Muitos anos antes, na abertura da internet pública no Brasil, eu e meus sócios Thomas Wilson e Robson Ribeiro fundamos um dos primeiros provedores de internet privada do país, utilizando a infraestrutura da Embratel. Rapidamente, desenvolvemos websites para nossos negócios, mas as agências também foram resistentes, levando um bom tempo para entender o que era a internet. Houve até um episódio em que uma agência reclamou porque a produtora utilizou a internet. Era um cliente em São Paulo, e eu criei um hotsite, secretamente, para apresentar o trabalho que estávamos desenvolvendo juntos. A agência ficou furiosa, pois não sabia como usar, não tinha acesso à internet.
Lembro-me do primeiro microcomputador ao qual tive acesso, um modesto TK82C com apenas 4K de memória. Fiquei desapontado ao descobrir que a máquina não sabia nada e que eu precisava digitar dezenas de linhas de código para fazê-la funcionar. Para alguém que viu “2001: Uma Odisseia no Espaço” e conheceu o HAL 9000 (Heuristically Programmed Algorithmic Computer), foi uma grande decepção.
As coisas demoraram a melhorar, pois a promessa do “sabe tudo” não foi cumprida. A primeira tentativa nesse sentido foram as enciclopédias em CD-ROM, onde, em 640MB, toda a informação do mundo deveria caber. Por exemplo, a Microsoft Encarta. Os computadores, que não estavam interconectados, não sabiam nada. No máximo, tinham acesso aos 640MB do CD-ROM.
Então veio a internet, os computadores começaram a se conectar, mas no início faltavam servidores, informações digitalizadas e uma comunicação ágil entre eles, agora terminais, as fontes de informações, que são os servidores. No início, nos conectávamos com modems analógicos de baixa velocidade.
Foram necessários mais 20 anos até que as redes de intercomunicação entre os computadores ficassem suficientemente rápidas para que o tempo de resposta fosse aceitável. Vocês sabiam que todo o processamento da Siri, por exemplo, não é feito no iPhone ou Mac? Sua voz é transmitida para um servidor da Apple na Carolina do Norte, onde é decodificada, a Siri encontra a resposta e a envia de volta. Tudo isso em um tempo mínimo. Isso é a latência aceitável. Vejam a importância da latência… Para cada 100 ms de latência, o Google estimou uma queda de aproximadamente 0,20% no tráfego de pesquisa, e a Akamai mostrou uma queda de 7% nas taxas de conversão. No Walmart.com e Staples.com, cada 1 segundo de melhoria no tempo de carregamento equivale a um aumento de 2% e 10% nas taxas de conversão, respectivamente. Não é à toa que minimizar a latência na internet é uma indústria multibilionária.

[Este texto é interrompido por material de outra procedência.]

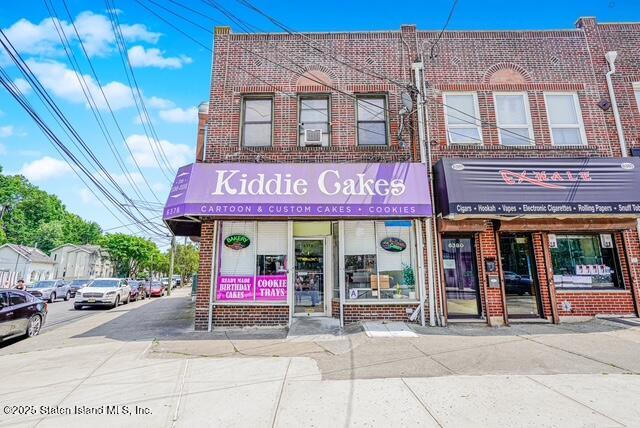 6378 Amboy Road Image 1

Estamos agora em 2024, onde temos uma comunicação rápida o suficiente e servidores com informações suficientes para finalmente, após 50 anos da invenção do Altair e 56 anos da estreia de “2001: Uma Odisseia no Espaço”, termos um computador que finalmente cumpre sua promessa de ajudar a humanidade, permitindo uma interação natural, sem exigir conhecimentos avançados de computação.
Para mim, IA é simplesmente isso: a realização da promessa da computação. Aquilo que o computador deveria ter sido desde o início, mas não conseguiu por limitações técnicas. É muito, mas para mim, é só isso.
Com todo esse histórico, olho com desconfiança para os supostos especialistas em IA, os “domadores” de IA, os mestres dos prompts de IA. Na boa, são os mesmos que não entenderam a internet nos anos 90, os mesmos que não entenderam os smartphones em 2010. Pessoas que mal sabem usar um iPhone e chamam qualquer calculadora que some 1 + 1 de IA. Sou pretensioso? Sou.
Minha experiência me mostrou que as agências frequentemente se apresentam como tecnológicas e inovadoras, mas, na realidade, são compostas em sua maioria por pessoas que mal sabem configurar um iPhone e que precisam de ajuda técnica até para ligar uma impressora na tomada. Agora, querem se tornar especialistas em IA.
Para mim, toda a computação daqui para frente será baseada naquilo que estão chamando de IA. Absolutamente tudo o que faremos em um computador terá a participação dele e da chamada IA. Meu programa de email, Spark, oferece IA para escrever emails. O navegador oferece IA para pesquisas mais precisas. O Photoshop oferece IA para retoques mais simples. O iFood usa IA para otimizar os pedidos. Tudo. Acho toda essa empolgação com IA uma bobagem. Vai desaparecer em breve. A IA já está incorporada em tudo, e o trabalho continuará o mesmo, com a assistência do computador. Com ou sem a assistência do computador (IA), quem é incompetente continuará incompetente.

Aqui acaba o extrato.